The complete life cycle of Spirometra erinacei has been experimentally maintained in the laboratory. The cyclops were reared as the first intermediate host, and the tadpoles of Rana nigromaculata as the second intermediate host. ICR mice were used as another second host. The experimental definitive hosts were dogs and cats. Maturation and hatching of the eggs took 8 to 14 days by incubation at 29 degrees C. The coracidium measured 43.8 x 36.9 microns. Mesocyclops leuckarti and Eucyclops serrulatus were susceptible to the coracidial infection. The procercoids older than 5 days in the cyclops had minute spines at the anterior end, calcium corpuscles in the body parenchyme and the cercomer at the posterior end. Procercoids 10 to 20 days old were infective to tadpoles, and 15 or 21 day old worms could infect the mice. The plerocercoids from the tadpoles at 15 days after experimental infection were pear-shaped and shorter than 1 mm in the length and were infective to mice. Fifteen to 18 days after experimental inoculation of plerocercoids to dogs or cats, the adult worms began to produce eggs. One life cycle from egg to egg needed 48 to 67 days in the laboratory. The morphology of larval or adult worms was compatible with the description of Spirometra erinacei.

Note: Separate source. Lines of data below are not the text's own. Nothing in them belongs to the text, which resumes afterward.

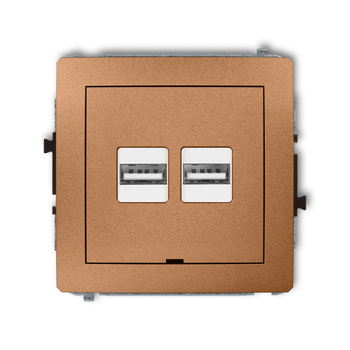 Mechanizm ładowarki USB podwójnej 2xUSB A, 15,5W max., 5V, 3.1A, bez pola opisowego Karlik seria DECO 8DCUSBBO-6 kolor złoty metalik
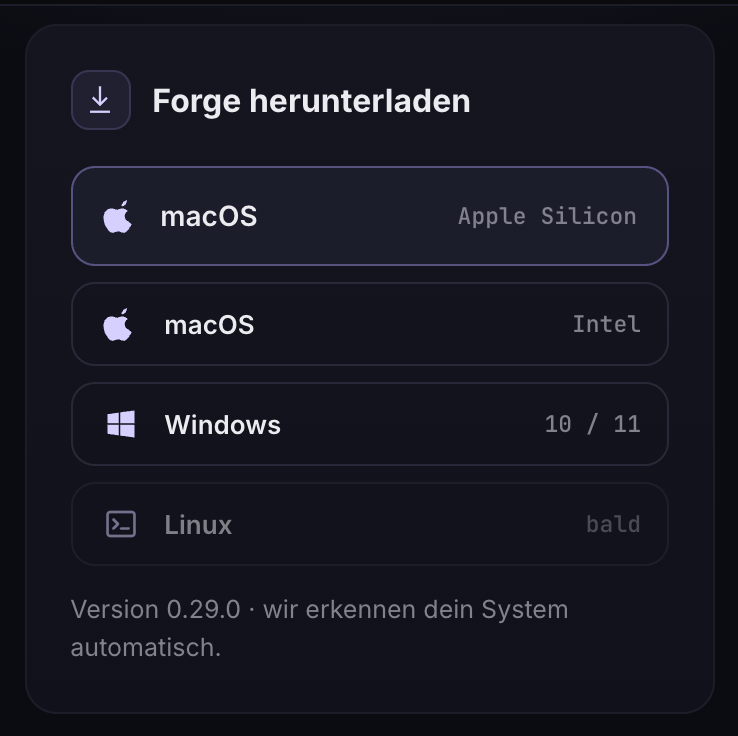 Karte Forge herunterladen in deinem Konto mit macOS Apple Silicon, macOS Intel und Windows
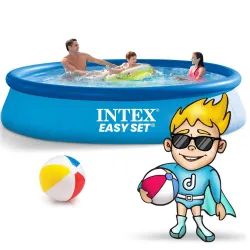 Piscine gonflable de jardin bleue 305 x 61 cm, parfaite pour l'extérieur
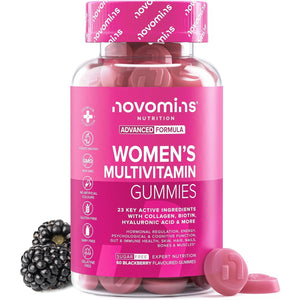 Multivitamin Gummies for Women - 23 Vitamins, Minerals & Probiotics for Women - Marine Collagen, Hyaluronic Acid, Folic Acid, Vitamin D, A, C, B, Biotin & Zinc – 60 Vitamin Gummies - Novomins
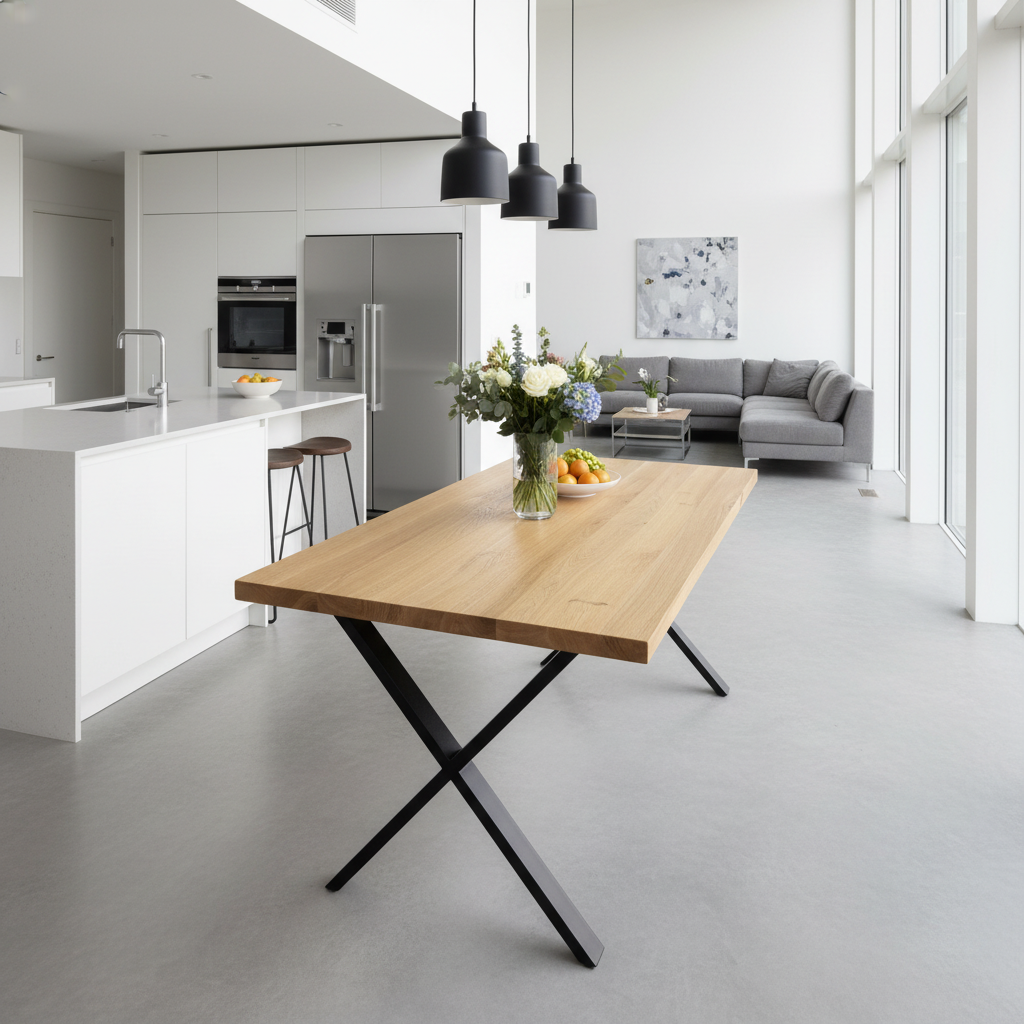 Modern kitchen and living room with a wooden dining table, gray sofa, and kitchen appliances.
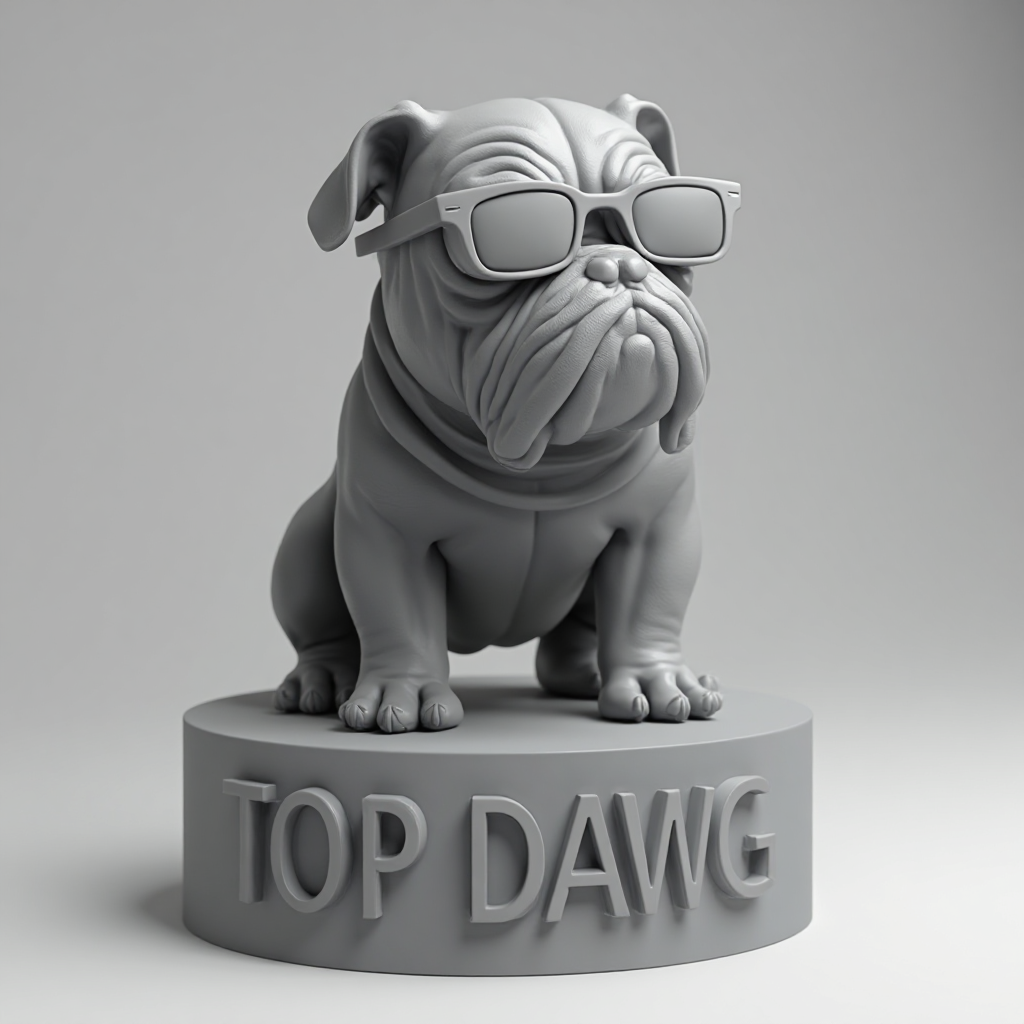 Bulldog Sunglasses Figurine free 3D printable STL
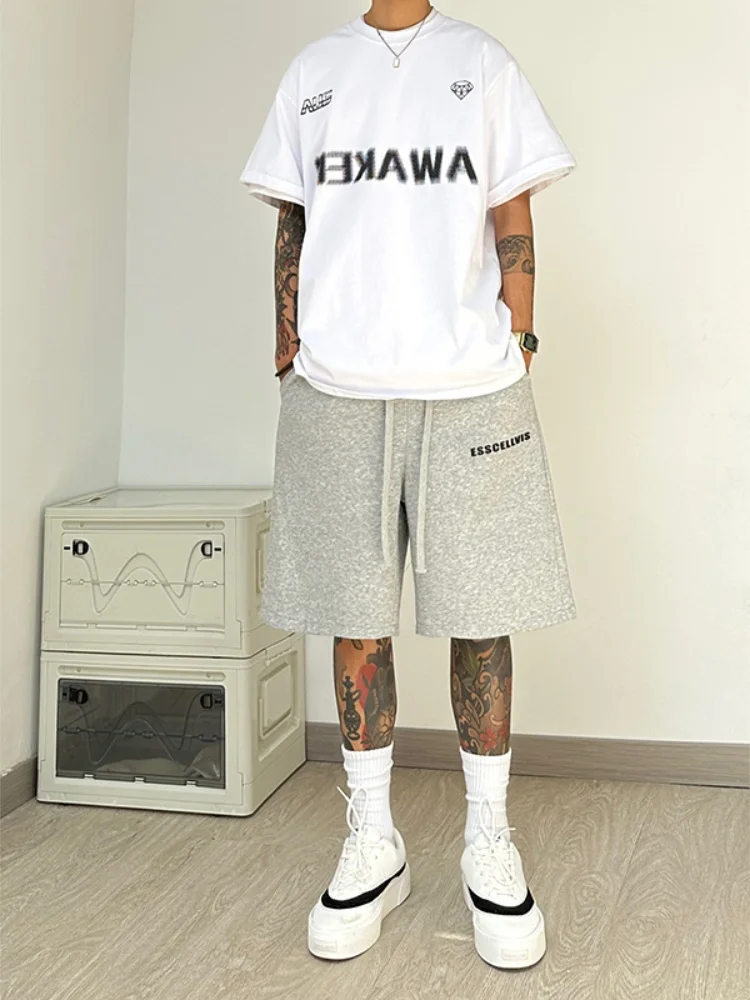 

American Sle Baskeall orts Men's Summer Thin Loose Straight Leg Five-Quarter Casual Mid-Length Pants Set Faionable Brand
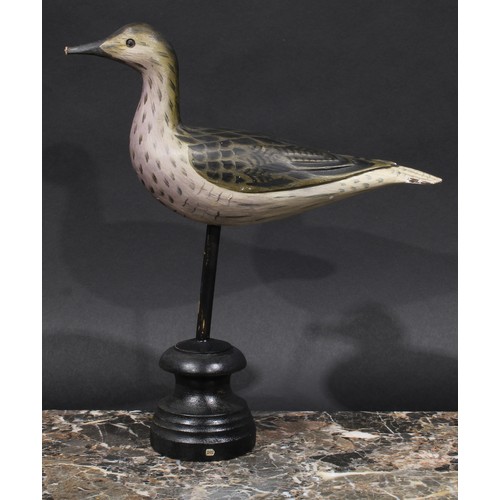 2080 - A painted softwood avian decoy, turned display stand, 34cm high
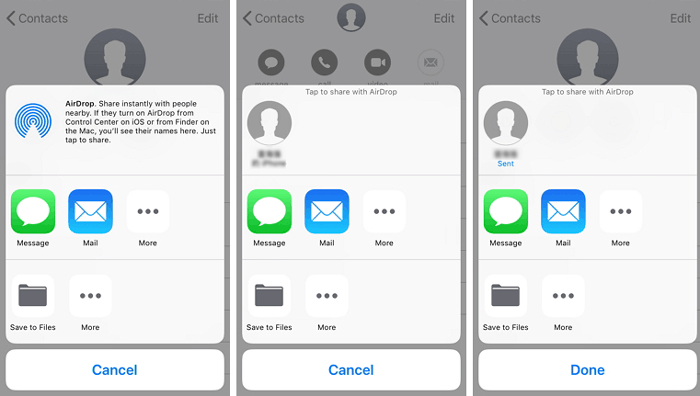 share contacts via airdrop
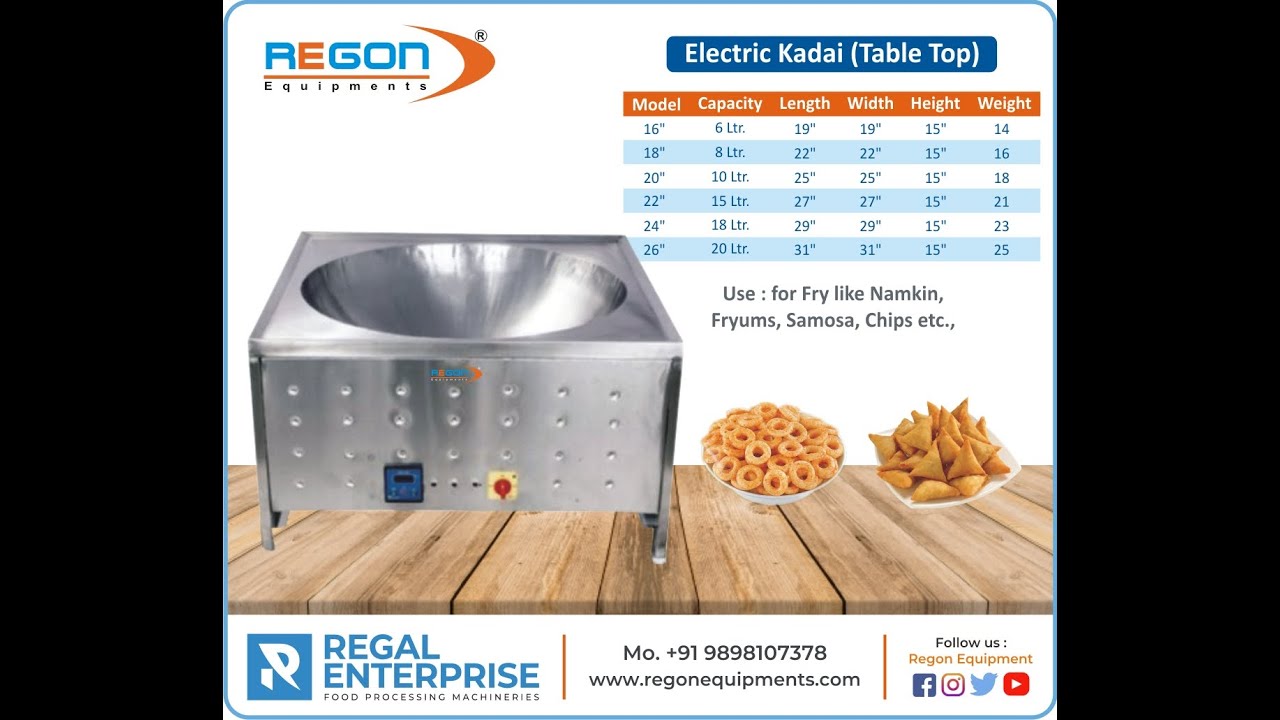 KADAI FRYER, ELECTRIC FRYER , DEEP FRYER , FRYER...... REGON EQUIPMENTS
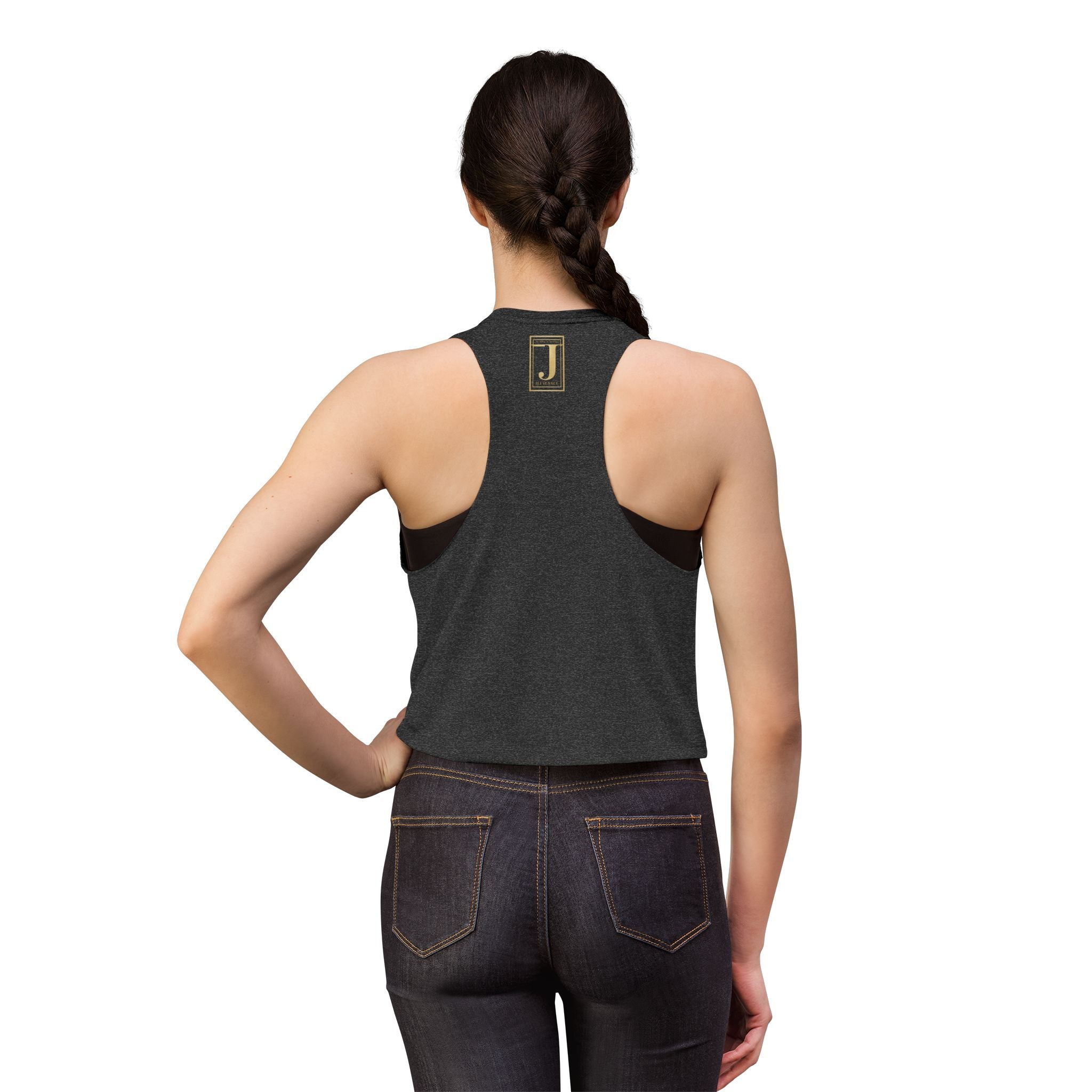 Jeevesace Crop Top — Retro Gold Logo Women’s Sleeveless Tee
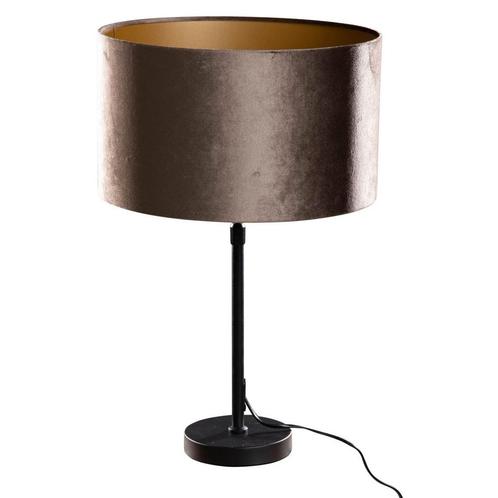 Tafellamp zwart met velours kap groen 35cm - Parte, Huis en Inrichting, Lampen | Tafellampen, Nieuw, Overige materialen, 50 tot 75 cm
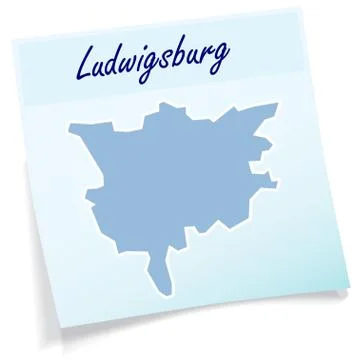 Map of ludwigsburg as sticky note Illustrazione stock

The fate of spargana inoculated into the cat brain and sequential changes of anti-sparganum IgG antibody levels in the cerebrospinal fluid

To establish an animal model of intracranial sparganosis, the fate and behavior of the experimentally inoculated spargana were observed. A total of 102 scolices of spargana were injected into 22 cat brains, and the cats were sacrificed at 2 weeks, 1 month, 3 months and 6 months after the inoculation. Neurosparganosis was established in 77% of the cats. Of 43 recovered worms, 19 (44%) were located in the subdural or subarachnoid space, 16 (37%) in the brain parenchyme, and 2 (5%) in the lateral ventricle. One was detected at the diploic space of the skull and 5 were outside the cranial cavity. All but one were alive, and had grown tails. They were distributed in the brain parenchyme randomly. There was no place which they could not invade. No adult was found in the intestine. Cerebrospinal fluid (CSF) was collected before inoculation, 1 week, 2 weeks, 1 month, 3 months and 6 months after inoculation. The level of anti-sparganum IgG antibody in CSF measured by ELISA began to increase above the criteria of positivity 1 month after inoculation. Three months after inoculation, the values markedly increased. The present findings reveal that intracranial inoculation of spargana into the brains of cats would be a good animal model of experimental neurosparganosis.